News Excerpt
Nepal-China Transit protocol will come into effect from February 2020, this will end Nepal’s reliance on India for international trade. This is not a good sign for India as it means “closer” relationship between China and Nepal.

•    Earlier Nepal has transported goods to and fro via the Kolkata Port.
•    India and Nepal had signed transit treaty in 1978 which was renewed in 2013.
•    However, Nepal has accused India of imposing economic blockade twice:
o    In 1989, when Nepal was trying to buy anti-aircraft guns from China
o    In 2015, on the grounds of non-inclusion of the minority communities – Madhesi and Janjati – in the new constitution of Nepal.
•    For Nepal, its “India-Locked” status has given New Delhi leverage over Kathmandu, resulting in a search for an alternate solution via Chinese routes.

Challenges to New Routes
The Nepal China Transit Protocol may not be the wisest solution for Kathmandu to adopt. There are three major challenges that Nepal will face:
    Language Barrier: China has been trying to popularize Mandarin in Nepal, which is not liked by many in Nepal and will have a long-term implication for Nepal.  
    Long Distance: The protocol will cause a threefold increase in the trading distance from before. With China, it will be 3300 km while with India it is around 750 km only. This factor will discourage the traders for which logistics cost is bound to increase
    Geographical Barriers: Due to tough geographical features such as rugged terrain and numerous rivers, Nepal suffers from poor transportation and communication system. On the other hand, China has a very well-equipped transportation system with good roads. This is the reason behind the lacklustre performance of Chinese imports in Nepal.

India’s Options
    Improvise on the congestion and inefficiency in the Kolkata port and provide adequate facilities within that port.
    Remove unnecessary restrictions that are prevalent on road transits.
    Excessive inspections and documentation could rather act against India instead of aiding the entire process.
    Housing and handling facilities at the border need proper and adequate attention.
    There is a need to manage movement of trains, arrangement of locomotives and freight rate as well as schedule so that there is no congestion faced by freight trains.

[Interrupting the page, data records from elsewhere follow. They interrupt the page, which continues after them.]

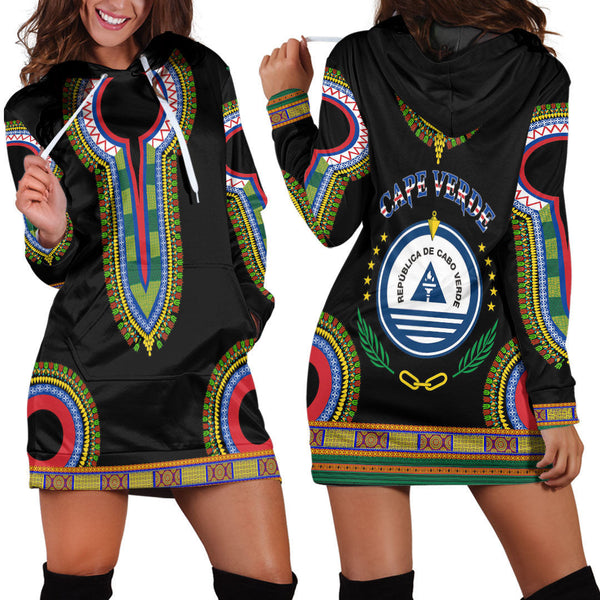 Cape Verde Dashiki Hoodie Dress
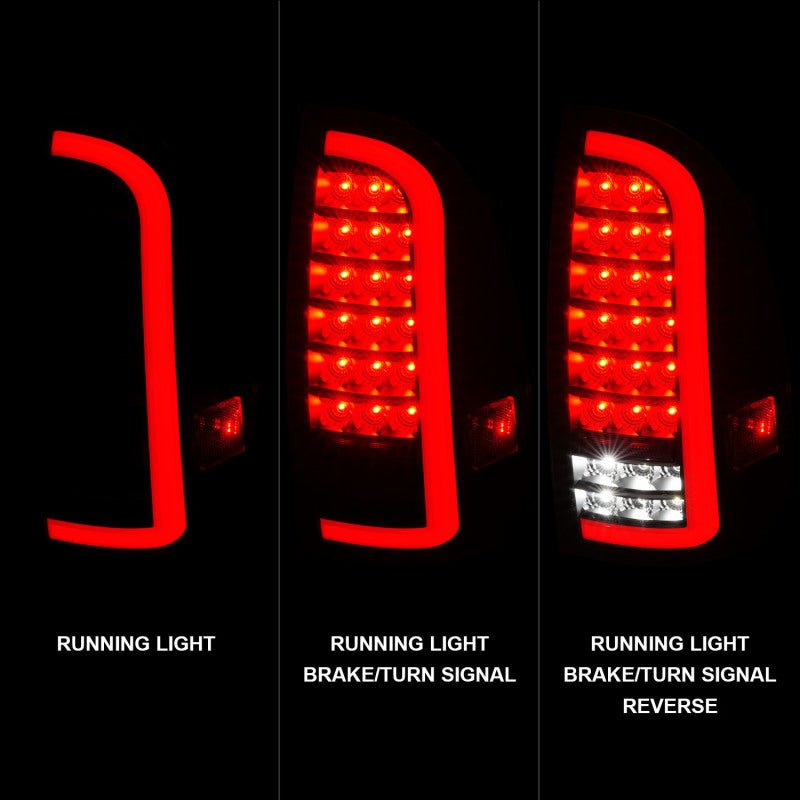 ANZO 05-15 Toyota Tacoma Full LED Tail Lights w/Light Bar Sequential Black Housing Smoke Lens - Black Ops Auto Works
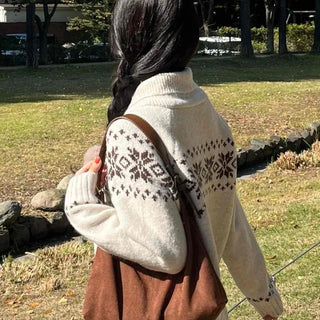Floral Jacquard Collar Loose Fit Zip-Up Knit Cardigan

This is a testing time period for India–Nepal relations as the bilateral relations between China and Nepal is entering a new phase. Belt and Road initiative has been an essential opportunity for China to take its relations with the South Asian nations to a distinct level. Thus, it becomes important for India to revive its civilizational relations and to prioritize the only genuine way ahead – ‘Neighbourhood First’.

Kalapani Conflict
    Kalapani is a 35 square kilometre area situated on the eastern bank of river Mahakali. It is claimed by both India (Pithoragarh district, Uttrakhand) and Nepal (Darchula district) as an integral part of their territories.
    Kalapani is also a tri-junction point, where the Indian, Nepalese and Tibetan (Chinese) borders meet. The region has been manned by the Indo-Tibetan Border Police since 1962.
    The source of river Mahakali is at the heart of the dispute between the countries.
    The 1816 Treaty of Sagauli, signed between British India and Nepal, defined river Mahakali as the western border of Nepal. River Mahakali has several tributaries, all of which merge at Kalapani.
    India claims that the river begins in Kalapani as this is where all its tributaries merge. But Nepal claims that it begins from LipuLekh Pass, the origin of most of its tributaries.
    India has used tax records and surveys for upper reaches of river Mahakali to support its claims while Nepal has presented similar maps from 1850 and 1856, showing that river Mahakali begins in Kalapani.
    The two countries had formed the Joint Technical Boundary Committee in 1981 to resolve the dispute. Though the committee managed to resolve a large part of the dispute, they failed to reach a final settlement.
    In 1996, India and Nepalsigned the Treaty of Mahakali in 1996.

China-Myanmar Pact
ª    Recently, Chinese President visited Myanmar where two countries signed important pact including the one on China-Myanmar Economic Corridor.
ª    This visit came in the backdrop of international isolation faced by Myanmar on the Rohingya Issue worldwide.  Such kind of situation is often used by Chinese to strengthen their interest in the Indian neighborhood.
ª    China perceives Myanmar as a potential gateway to the Indian Ocean. This is evident from the fact that it signed a concession agreement and shareholders’ agreement for the Kyaukpyu Special Economic Zone (SEZ) deep seaport project.
ª    This seaport project provides China with an alternative to Straits of Malacca, which is currently their lifeline for energy transportation as well as a trade corridor.
ª    This rings alarm bell in India, as one more neighbor gets hooked to Chinese Cheque book diplomacy and ultimately get caught into debt trap.
ª    This also calls for India to invest more in Myanmar and deals with it without seeing it from the Rohingya perspective.
ª    The positive aspect for India is that large swathe of Myanmar is skeptical about these projects which have no significant benefits for Myanmar.